### WORK TASK
Return each entry below word for word, leaving out any image.

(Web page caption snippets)
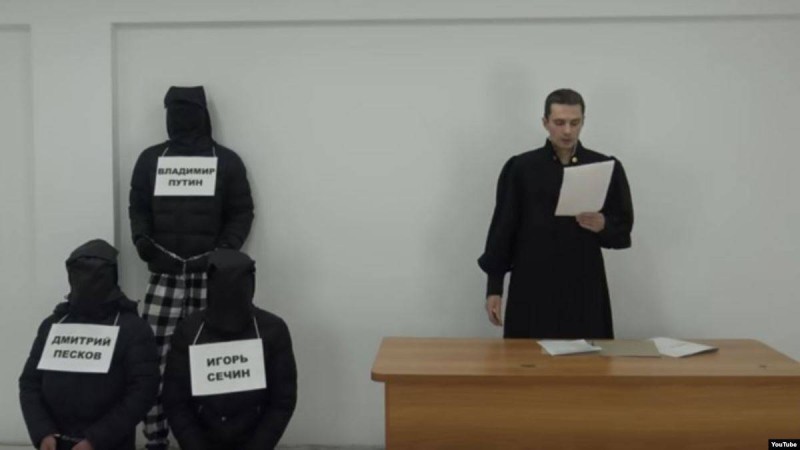 Татарстан соты "Путинді" соттаған белсендіні қамауға алды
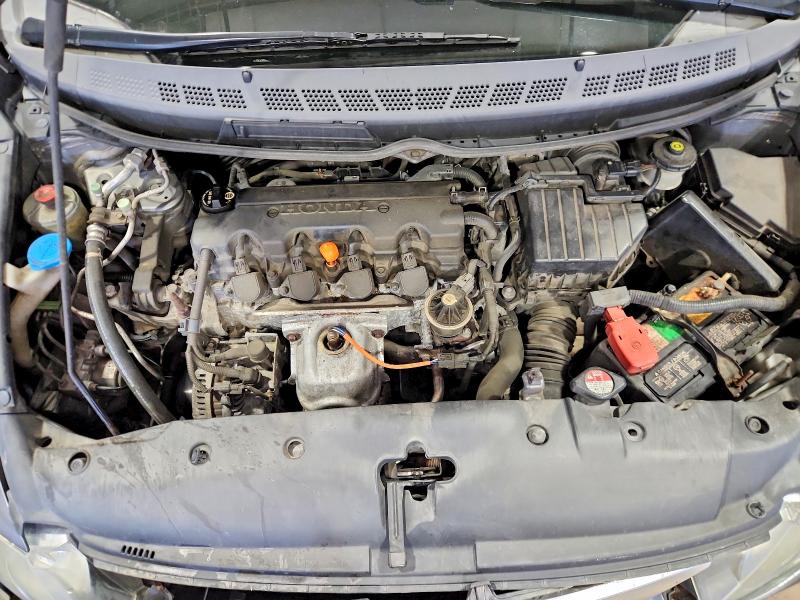 Продажа на аукционе авто 2009 Honda Civic, vin: 1HGFA16569L017625, номер лота: 57674246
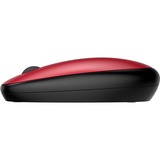 HP 240 Bluetooth Maus rot/schwarz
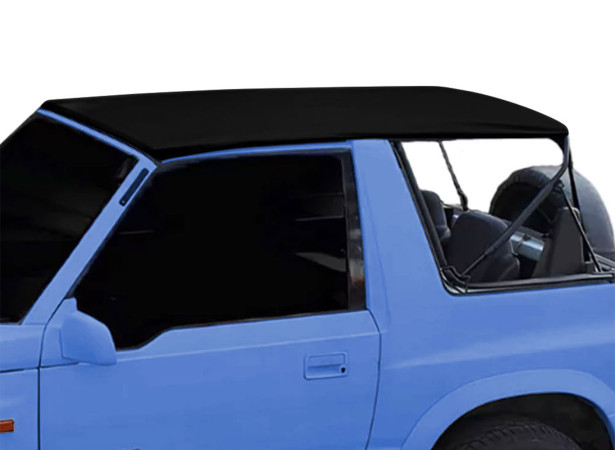 Bikini long Suzuki Vitara MK1 4x4 cabriolet en vinyle pour toit avant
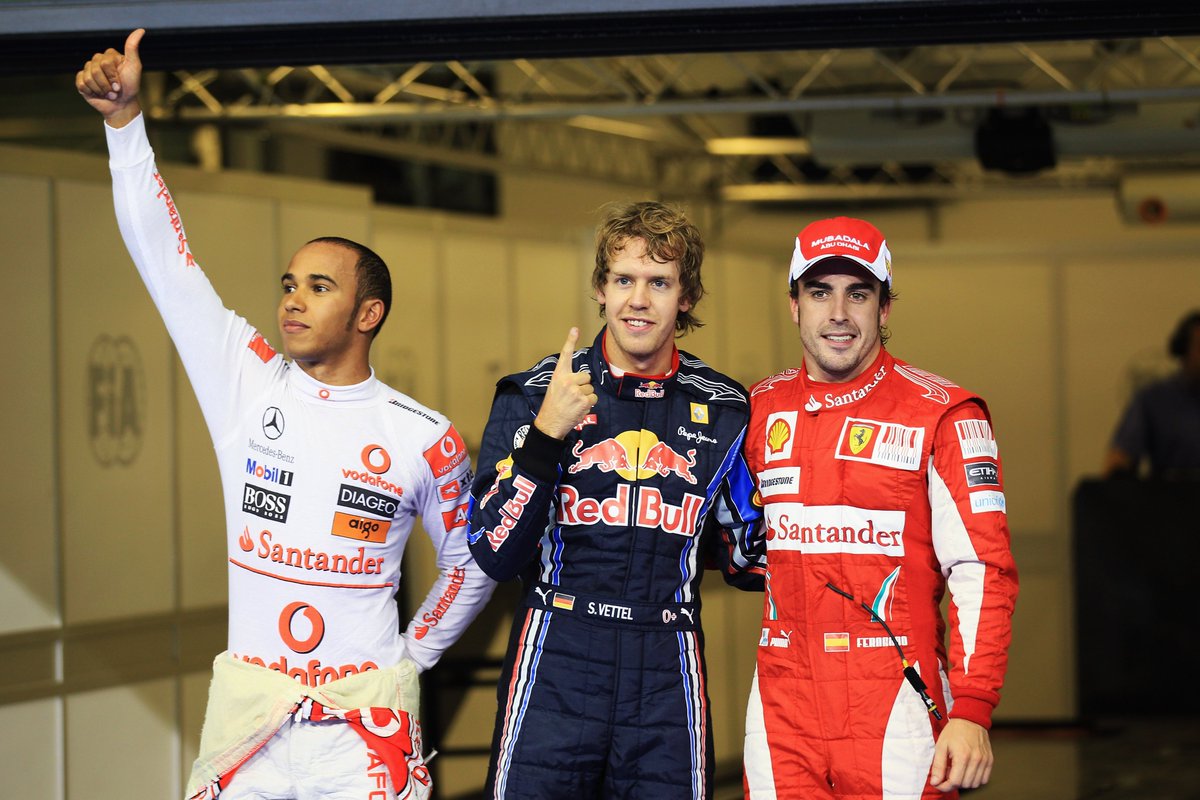 Formula 1 tweet media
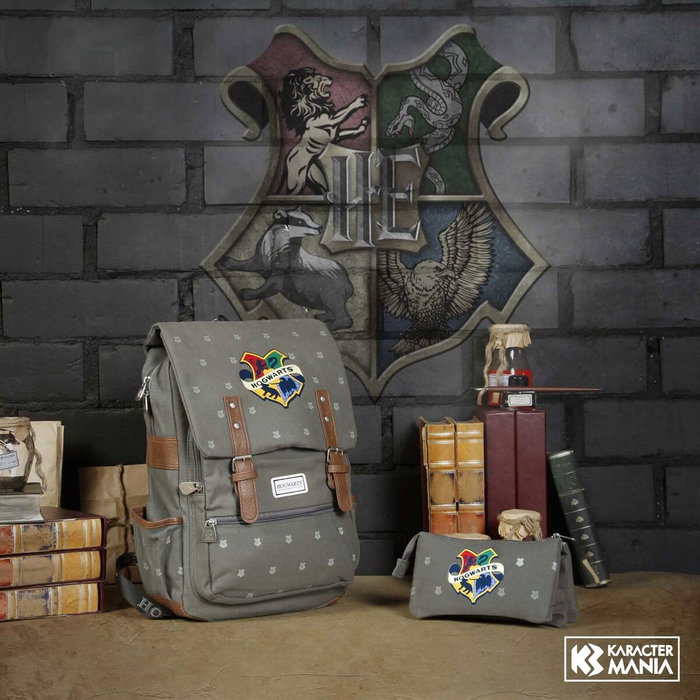 Cartable Harry Potter Hogwarts Cartable Harry Potter Hogwarts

### ANSWER TO THIS EXERCISE
 Татарстан соты "Путинді" соттаған белсендіні қамауға алды
 Продажа на аукционе авто 2009 Honda Civic, vin: 1HGFA16569L017625, номер лота: 57674246
 HP 240 Bluetooth Maus rot/schwarz
 Bikini long Suzuki Vitara MK1 4x4 cabriolet en vinyle pour toit avant
 Formula 1 tweet media
 Cartable Harry Potter Hogwarts Cartable Harry Potter Hogwarts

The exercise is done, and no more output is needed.